Original Article: Clinical Investigation
Population-based screening for prostate cancer by measuring total serum prostate-specific antigen in Iran
Mohammah Reza Safarinejad md, Urology and Nephrology Research Center, Shaheed Beheshti University of Medical Sciences, PO Box 19395-1849, Tehran, Iran. Email: email@example.com
Objective: To report the results from an Iranian large population-based randomized study of screening using prostate-specific antigen (PSA) to detect prostate cancer.
Materials and Methods: A total of 3758 Iranian men older than 40 years were mass checked by PSA-based screening. Men with an abnormal digital rectal examination (DRE) and serum total PSA level of greater than 4 ng/mL, underwent transrectal ultrasonography (TRUS)-guided extended prostate biopsy.
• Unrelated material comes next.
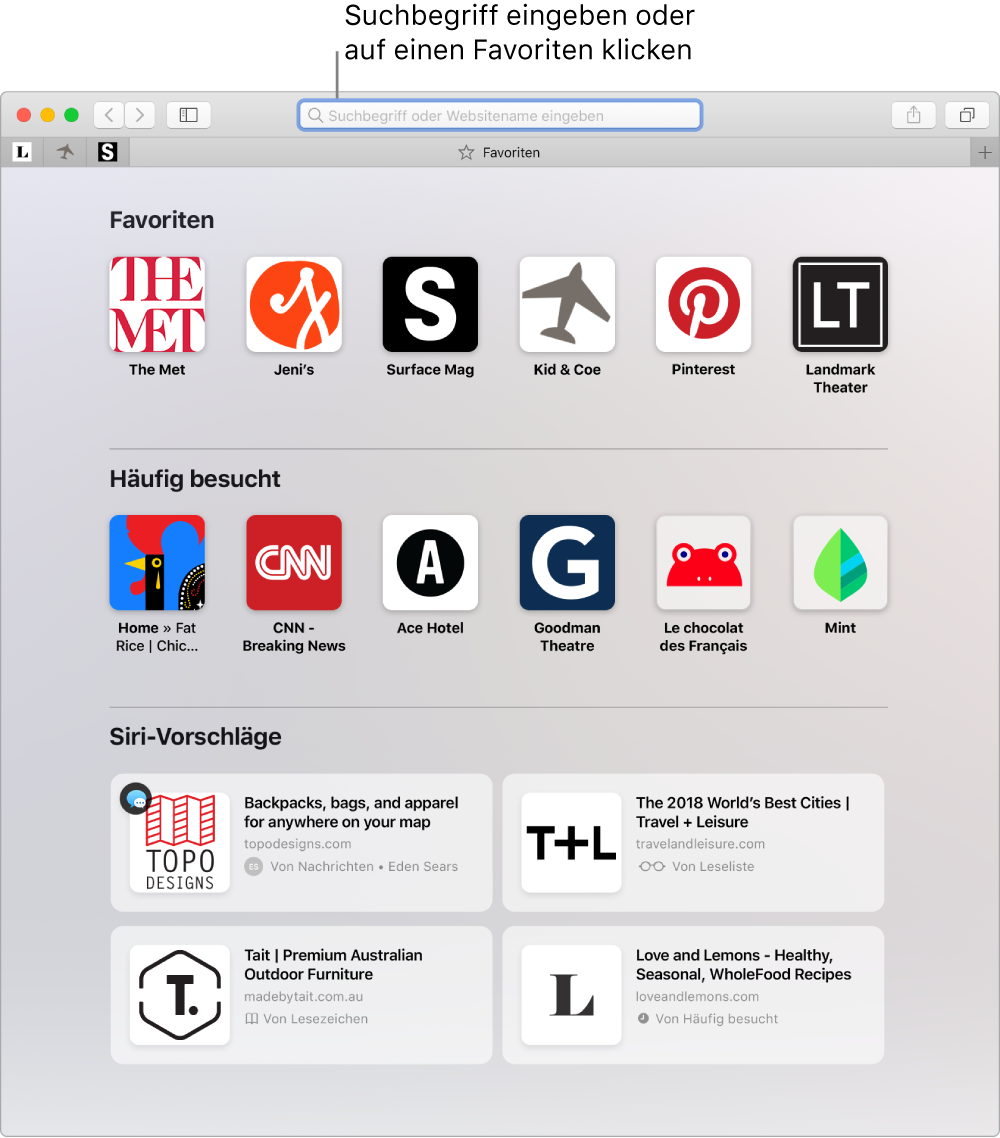 Ein Safari-Fenster, in dem die Favoriten-Darstellung und das hervorgehobene Feld für die intelligente Suche angezeigt werden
Results: The PSA value (mean ± standard deviation, SD) in all men without prostate cancer was 1.6 ± 1.1 ng/mL and in those with cancer 18 ± 44.8 ng/mL (P = 0.001). PSA values increased with age. In those aged 40–49, 50–59, 60–69 and ≥70 years, the mean ± SD PSA values were 1.3 ± 0.7, 1.4 ± 0.8, 1.8 ± 1 and 2.2 ± 1.6 ng/mL, respectively. Among the screened men, 323 (8.6%) had a serum PSA concentration greater than 4 ng/mL. Of patients who underwent prostate biopsy (230, 71.2%), 129 (positive predictive value, 56.1%) had prostate cancer. Additionally, nine cancers were detected among 16 patients with PSA of less than 4 ng/mL who had a doubtful DRE finding. The overall cancer detection rate was 3.6%; 1.4% at 40–49, 1.6% at 50–59, 4.2% at 60–69 and 12.9% at ≥70 years. Conventional systematic sextant biopsies, which accounted for six of the 10 cores in our biopsy scheme, detected 98 (71%) of the cancers.
Conclusions: The Iranian male population develops prostate cancer quite commonly if their serum PSA levels are greater than 4.0 ng/mL. In this study, 65.9% of the detected cancers were clinically significant. The conventional systematic sextant technique may be inappropriate for detection of all prostate cancers. The results need to be confirmed in other randomized trials.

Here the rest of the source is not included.